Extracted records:
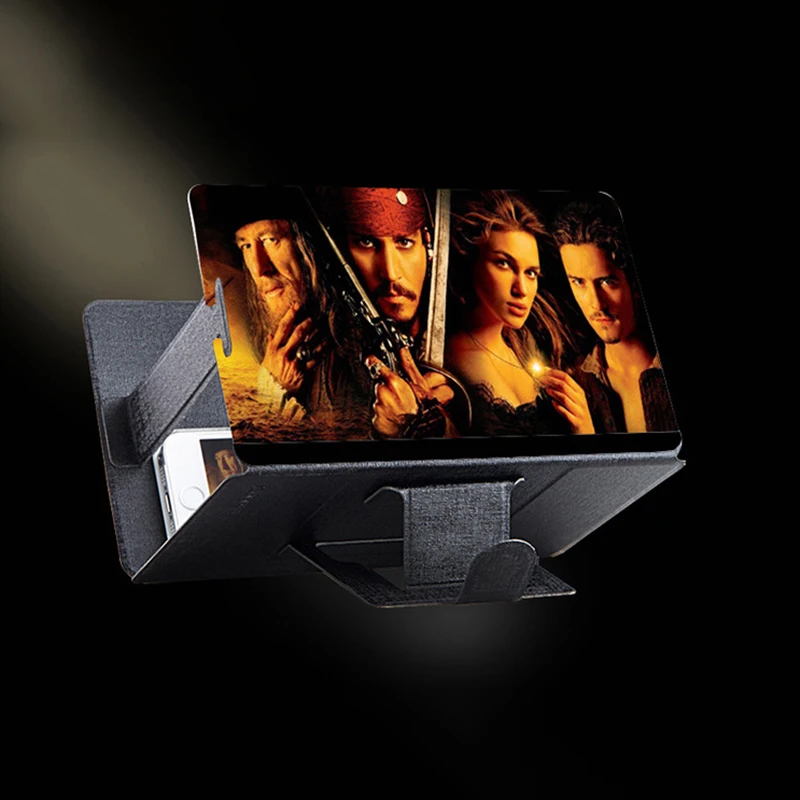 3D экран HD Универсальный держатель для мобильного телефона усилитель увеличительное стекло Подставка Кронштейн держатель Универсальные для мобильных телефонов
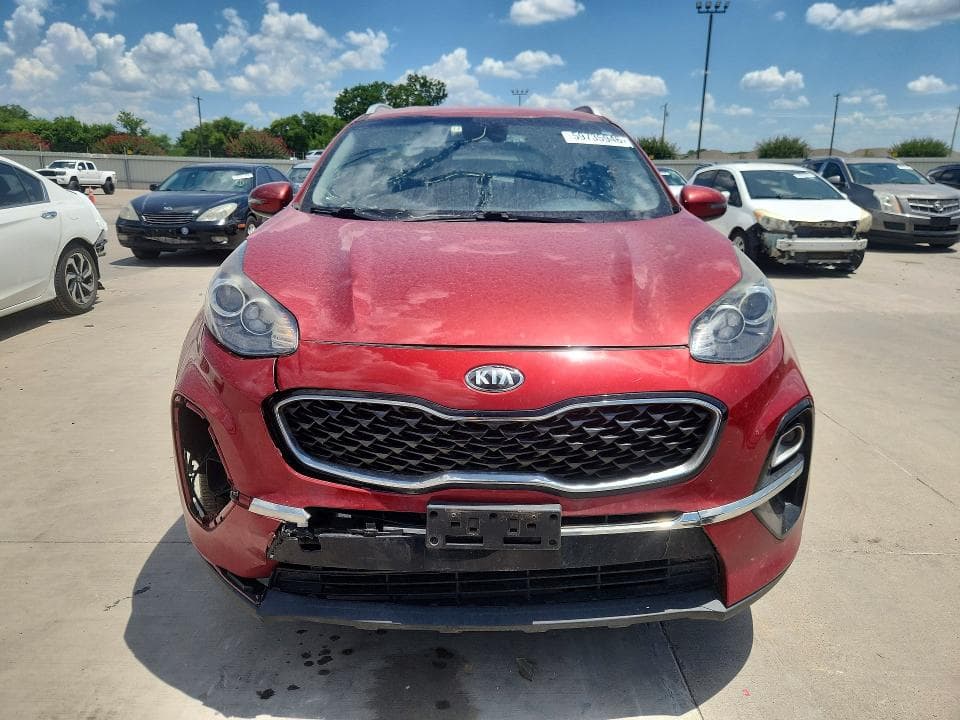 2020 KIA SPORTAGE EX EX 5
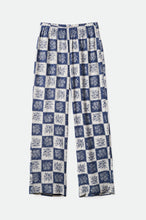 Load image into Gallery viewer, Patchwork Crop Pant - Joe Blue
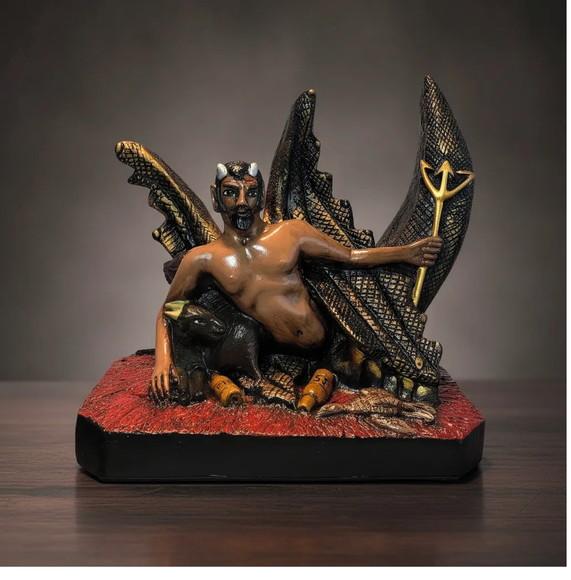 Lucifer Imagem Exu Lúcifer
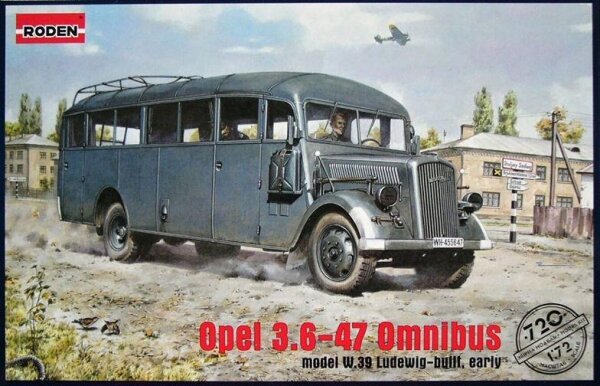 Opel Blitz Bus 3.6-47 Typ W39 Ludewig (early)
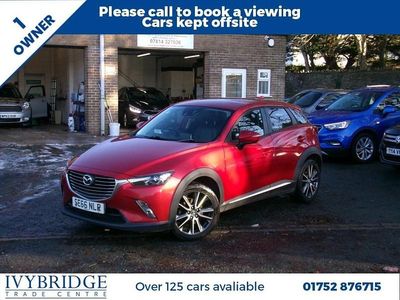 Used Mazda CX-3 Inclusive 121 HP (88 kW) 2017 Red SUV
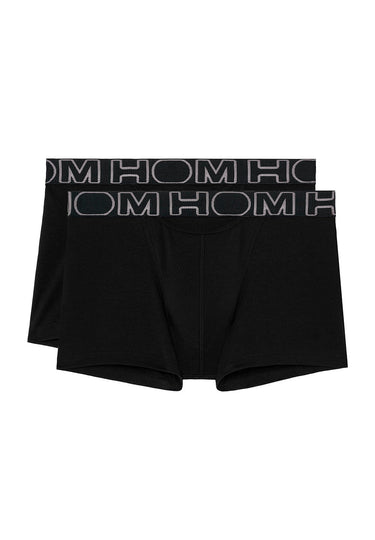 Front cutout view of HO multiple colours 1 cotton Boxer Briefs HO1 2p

▶ WHAT IS REQUIRED
All pictures must be left out. Reproduce exactly the lines from the one containing "Used Mazda CX-3" to the final line of the entries.

▶ RESULT
 Used Mazda CX-3 Inclusive 121 HP (88 kW) 2017 Red SUV
 Front cutout view of HO multiple colours 1 cotton Boxer Briefs HO1 2p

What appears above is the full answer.